A particular point of concern is CVE-2023-36563, an information disclosure vulnerability found in Microsoft WordPad. This flaw can be exploited to steal NTLM hashes in two distinct ways, either by an attacker using a specially crafted application or by duping a user into opening a malicious file. Experts recommend, along with the software fix, that users should block outbound NTLM-over-SMB on Windows 11.

Another under-attack bug, CVE-2023-41763, is a privilege escalation flaw within Skype for Business, potentially allowing for certain information disclosures. Of the October patch batch, 13 address critical-rated bugs, including 12 leading to remote code execution and the aforementioned Rapid Reset DDoS attacks. The remaining are classified as “important” security vulnerabilities.

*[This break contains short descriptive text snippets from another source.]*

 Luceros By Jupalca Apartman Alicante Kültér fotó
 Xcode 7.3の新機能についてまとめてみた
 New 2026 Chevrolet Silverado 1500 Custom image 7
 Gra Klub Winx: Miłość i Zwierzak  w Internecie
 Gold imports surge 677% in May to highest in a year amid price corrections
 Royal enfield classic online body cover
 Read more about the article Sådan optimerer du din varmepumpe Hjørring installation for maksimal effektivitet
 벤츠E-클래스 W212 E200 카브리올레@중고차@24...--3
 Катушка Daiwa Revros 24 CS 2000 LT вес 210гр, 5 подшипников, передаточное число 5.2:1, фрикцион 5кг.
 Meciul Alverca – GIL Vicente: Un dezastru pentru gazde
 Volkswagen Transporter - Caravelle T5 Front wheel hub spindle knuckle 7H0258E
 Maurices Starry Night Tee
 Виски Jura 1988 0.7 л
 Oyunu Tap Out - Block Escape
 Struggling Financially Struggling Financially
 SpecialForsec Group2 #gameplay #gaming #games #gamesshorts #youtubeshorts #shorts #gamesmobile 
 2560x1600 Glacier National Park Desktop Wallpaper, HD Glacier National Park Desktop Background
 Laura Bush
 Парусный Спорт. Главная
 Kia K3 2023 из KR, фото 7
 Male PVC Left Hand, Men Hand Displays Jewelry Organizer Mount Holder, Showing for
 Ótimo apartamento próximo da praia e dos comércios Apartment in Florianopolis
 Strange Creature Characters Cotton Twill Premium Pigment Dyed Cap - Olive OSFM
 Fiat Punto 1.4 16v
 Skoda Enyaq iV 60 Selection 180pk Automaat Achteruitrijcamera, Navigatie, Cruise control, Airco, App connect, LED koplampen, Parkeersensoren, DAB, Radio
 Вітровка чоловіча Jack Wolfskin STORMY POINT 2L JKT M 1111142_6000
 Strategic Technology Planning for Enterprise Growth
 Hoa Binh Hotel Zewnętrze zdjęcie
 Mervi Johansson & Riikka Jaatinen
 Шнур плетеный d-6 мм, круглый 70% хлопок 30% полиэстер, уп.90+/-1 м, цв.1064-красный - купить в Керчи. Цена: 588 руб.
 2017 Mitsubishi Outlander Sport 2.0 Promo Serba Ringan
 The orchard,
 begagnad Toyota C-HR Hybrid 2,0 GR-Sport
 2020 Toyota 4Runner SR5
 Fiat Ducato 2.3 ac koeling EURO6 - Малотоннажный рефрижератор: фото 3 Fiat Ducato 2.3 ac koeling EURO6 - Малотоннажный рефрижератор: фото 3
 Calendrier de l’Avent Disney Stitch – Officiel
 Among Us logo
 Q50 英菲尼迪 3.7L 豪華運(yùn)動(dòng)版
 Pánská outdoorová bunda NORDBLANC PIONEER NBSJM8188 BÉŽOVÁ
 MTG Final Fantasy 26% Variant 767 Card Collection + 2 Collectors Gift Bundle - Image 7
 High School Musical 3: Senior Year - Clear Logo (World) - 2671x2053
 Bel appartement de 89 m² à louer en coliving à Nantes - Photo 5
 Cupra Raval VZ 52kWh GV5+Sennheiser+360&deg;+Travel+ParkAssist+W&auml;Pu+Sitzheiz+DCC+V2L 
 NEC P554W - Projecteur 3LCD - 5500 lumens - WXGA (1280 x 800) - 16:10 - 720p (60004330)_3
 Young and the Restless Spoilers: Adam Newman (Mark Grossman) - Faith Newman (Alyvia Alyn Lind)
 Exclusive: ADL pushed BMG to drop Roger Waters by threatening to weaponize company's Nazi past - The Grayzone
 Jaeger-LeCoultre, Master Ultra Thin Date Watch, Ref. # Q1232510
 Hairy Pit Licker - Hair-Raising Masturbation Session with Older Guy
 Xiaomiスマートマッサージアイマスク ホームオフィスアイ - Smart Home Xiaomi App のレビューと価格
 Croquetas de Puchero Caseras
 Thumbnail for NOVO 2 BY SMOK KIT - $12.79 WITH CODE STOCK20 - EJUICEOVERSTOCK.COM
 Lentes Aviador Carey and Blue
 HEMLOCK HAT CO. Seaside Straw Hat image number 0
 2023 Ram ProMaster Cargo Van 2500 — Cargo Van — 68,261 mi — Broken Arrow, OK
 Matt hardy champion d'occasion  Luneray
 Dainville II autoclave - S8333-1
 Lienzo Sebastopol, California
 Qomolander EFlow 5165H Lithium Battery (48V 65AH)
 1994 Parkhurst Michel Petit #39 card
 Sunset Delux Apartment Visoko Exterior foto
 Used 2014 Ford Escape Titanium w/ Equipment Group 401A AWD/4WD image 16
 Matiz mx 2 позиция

Diving deeper, the Windows IIS Server vulnerability, CVE-2023-36434, stands out due to its “important” classification from Microsoft despite its 9.8 CVSS score. Another notable flaw, CVE-2023-36778, concerns Microsoft Exchange Server and, if exploited, could provide attackers with substantial control.

But Microsoft wasn’t alone in its patching endeavors. Citrix, Adobe, and SAP also released patches for critical vulnerabilities in their products. Adobe’s updates covered 13 vulnerabilities across Bridge, Commerce, and Photoshop. SAP’s security notes included one with a perfect 10 CVSS score, and Google’s October Android security bulletin spotlighted 54 fixes, including some critical flaws.

All in all, it’s a reminder that even trusted software can harbor vulnerabilities, reinforcing the importance of timely updates and patches.